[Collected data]

━━━━━━━━━━━━━━━━━━━━━━━━━━━━━━

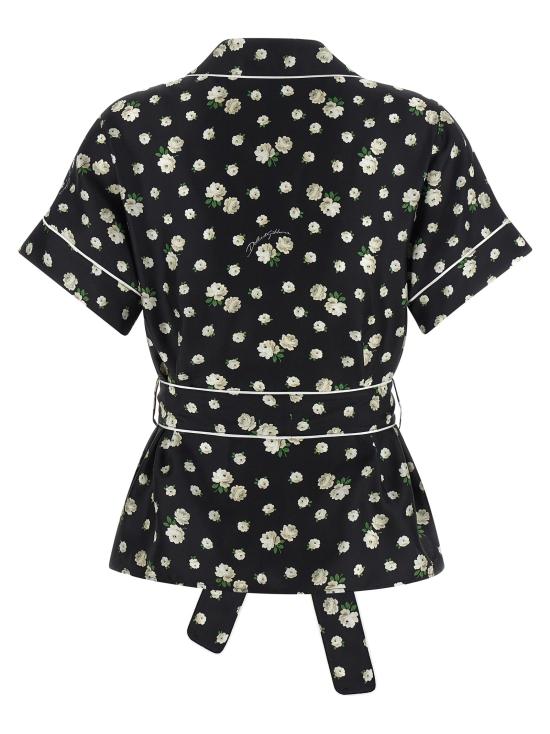 26SS 돌체앤가바나 블라우스 DO335402BM BLACK - DOLCE & GABBANA
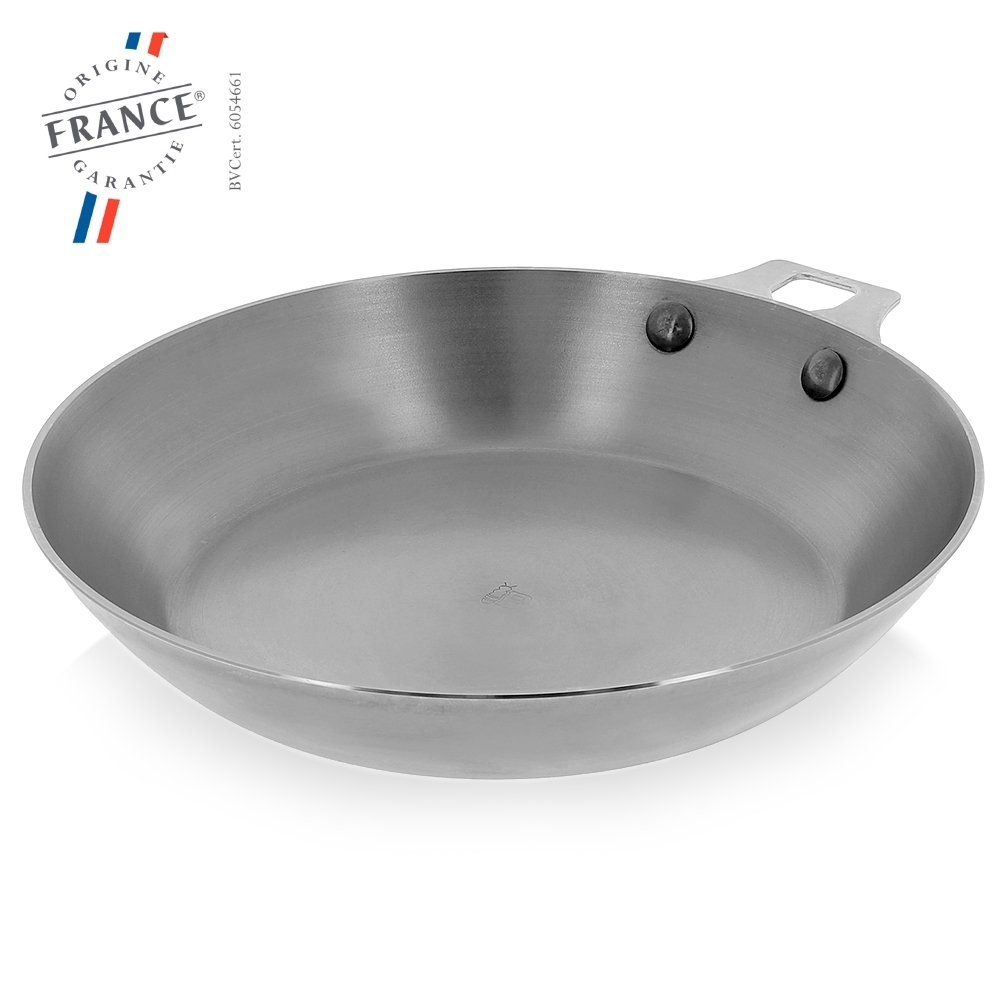 de Buyer - Mineral B Element - Round Frypan without handle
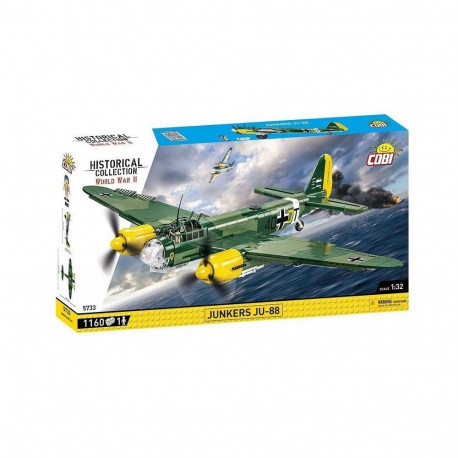 Junkers ehituskomplekt ju-88 1160-osaline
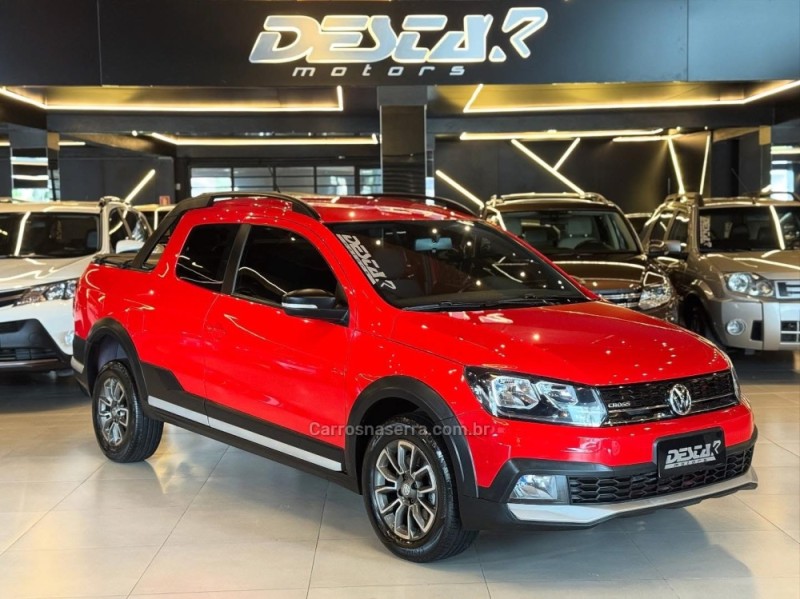 SAVEIRO 1.6 CROSS CE 8V FLEX 2P MANUAL - 2017 - NOVO HAMBURGO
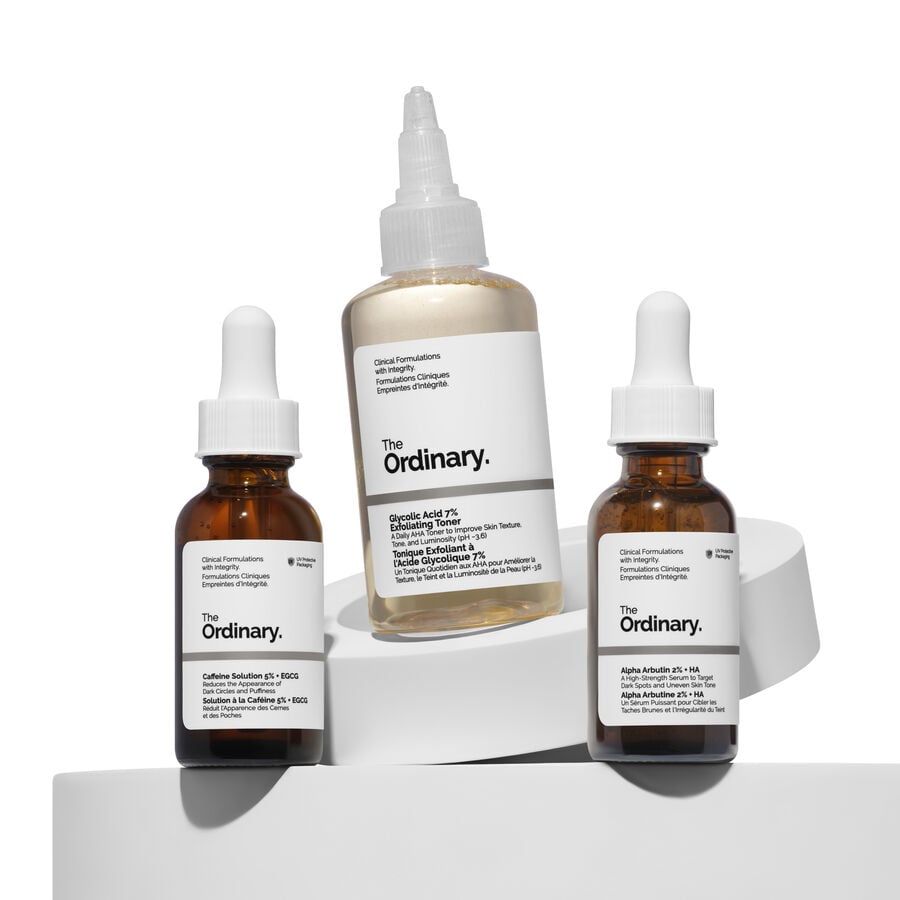 Brightening Skincare Set for Uneven-Looking Tone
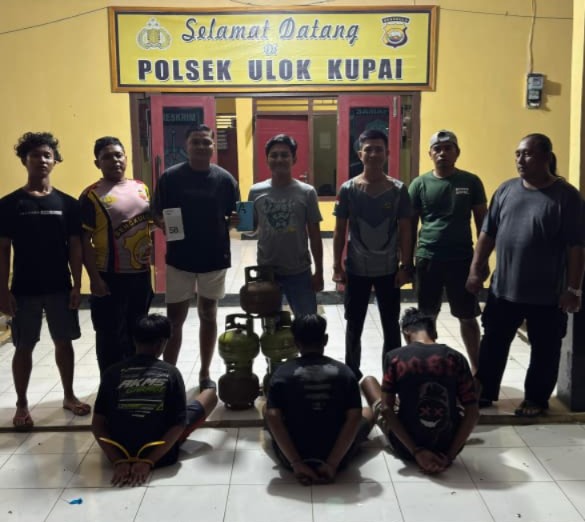 Beraksi Saat Listrik Padam, 3 Pelaku Pembobolan Rumah di Bengkulu Utara Diciduk Polisi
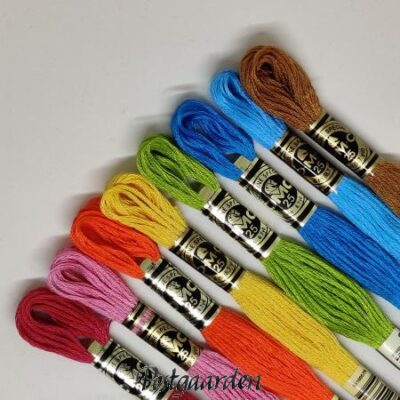broderigarn pakke my sweet home - postgaarden.com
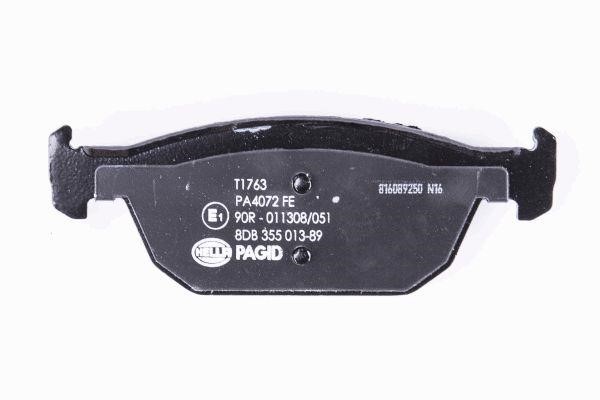 Brake pad set Hella 8DB 355 013-891
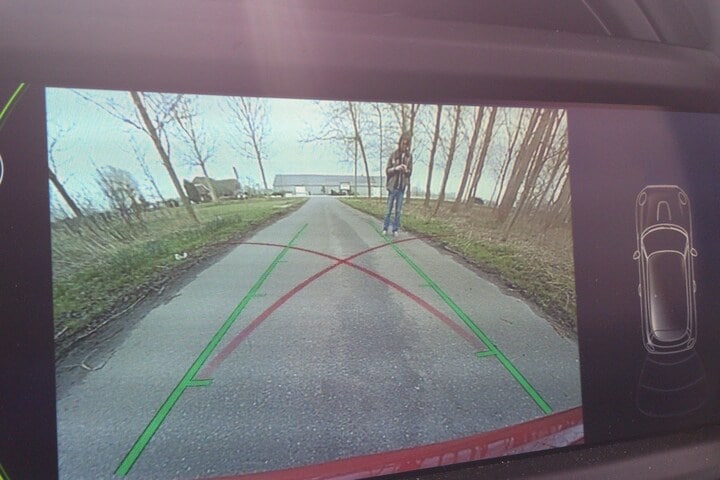 Achteruitrijcamera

━━━━━━━━━━━━━━━━━━━━━━━━━━━━━━

-- WHAT TO WORK ON --
Reproduce every record above exactly, but leave out the pictures.

-- SOLUTION FOR THIS EXERCISE --
 26SS 돌체앤가바나 블라우스 DO335402BM BLACK - DOLCE & GABBANA
 de Buyer - Mineral B Element - Round Frypan without handle
 Junkers ehituskomplekt ju-88 1160-osaline
 SAVEIRO 1.6 CROSS CE 8V FLEX 2P MANUAL - 2017 - NOVO HAMBURGO
 Brightening Skincare Set for Uneven-Looking Tone
 Beraksi Saat Listrik Padam, 3 Pelaku Pembobolan Rumah di Bengkulu Utara Diciduk Polisi
broderigarn pakke my sweet home - postgaarden.com
 Brake pad set Hella 8DB 355 013-891
 Achteruitrijcamera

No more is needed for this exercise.